Cancer Research UK scientists from the University of Glasgow have developed a system for treating hard-to-reach tumours, using nanoparticles to guide a ‘tumour busting’ gene to cancer cells.
Scientists from Cancer Research UK’s Centre for Oncology and Applied Pharmacology at the University of Glasgow carried out laboratory tests on tumours of the cervix, bowel and other cells that line the body. Within 24 hours of treatment, the tumours began to shrink, resulting in prolonged survival in all, and even cures in some cases.
The promising results of these experiments could make it possible to treat inaccessible tumours in humans using gene therapy in the future.
“Gene therapy is a promising therapeutic approach that has been hampered by a lack of efficient and safe means of delivery. The fact that these experiments effectively destroyed the tumours in a lab setting is extremely encouraging news,” said Professor Jim Cassidy, Cancer Research UK’s Director of Medical Oncology at the University.
New treatment can selectively target cancer cells, without causing damage to surrounding healthy cells. Standard cancer treatment, such as chemotherapy, indiscriminately attacks all the cells in the region, which can lead to unpleasant side effects for patients.
Some tumours are inoperable, for example, if they are close to vital organs such as the heart or lungs. Tumours that cannot be removed by surgery are commonly associated with a poor prognosis and survival.
In order to kill cancer cells at difficult tumour sites, gene medicines have to make an arduous journey through the body’s blood vessels, where they have to travel across the vessel wall into the tumour and finally into the cancerous cell. In this treatment, nanoparticles containing a combination of specially designed tiny molecules are used to transport a gene called TNF alpha to the affected cells.
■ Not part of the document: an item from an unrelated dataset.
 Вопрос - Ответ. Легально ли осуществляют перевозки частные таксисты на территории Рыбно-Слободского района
The TNF alpha gene has a built-in switch that enables it to only become activated in cells that are cancerous. TNF has highly toxic properties that cause cells to die, which is why it is crucial that it is only activated in cancer cells.
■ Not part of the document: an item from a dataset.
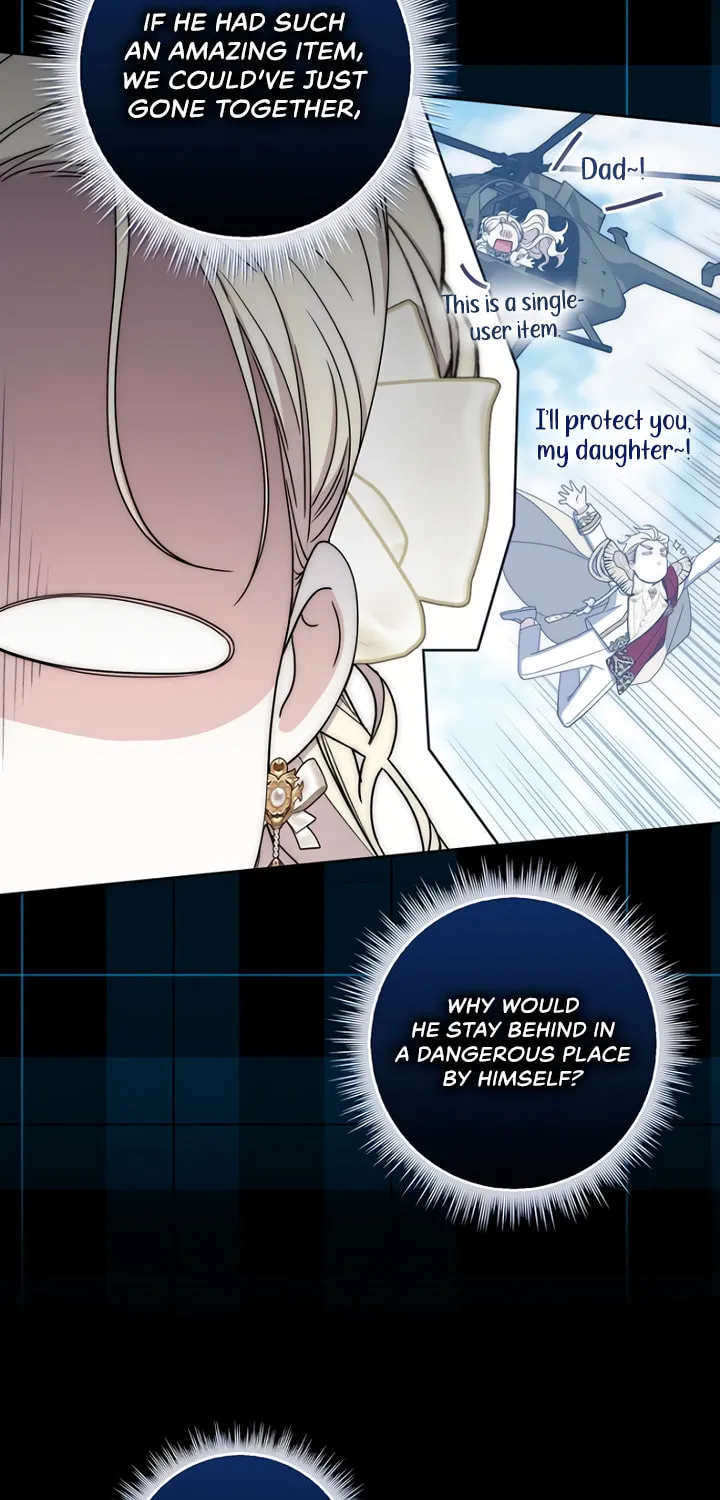 Read The Male Lead Is Unhealthily Obsessed With My Health EN Manga Online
“Our research focussed on finding the right compounds to make the prospect of nanoparticle gene therapy a realistic treatment option. We found that the combination of an effective delivery system, along with the gene’s clever ability to target cancer cells, is key to the success of this treatment,” said Dr. Andreas Schätzlein, a Senior Research Fellow at the University.
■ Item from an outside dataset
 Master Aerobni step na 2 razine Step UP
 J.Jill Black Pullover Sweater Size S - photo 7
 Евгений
”This is the first time that this type of treatment has been able to reduce the size of tumours to such an extent, so we hope to have further demonstrated the potential of genetic therapies to treat cancer in the future. Our efforts will now focus on understanding whether such systems can be used as a platform to deliver other genes and how to best harness the potential benefits to safely treat a broader range of tumours in the clinic.”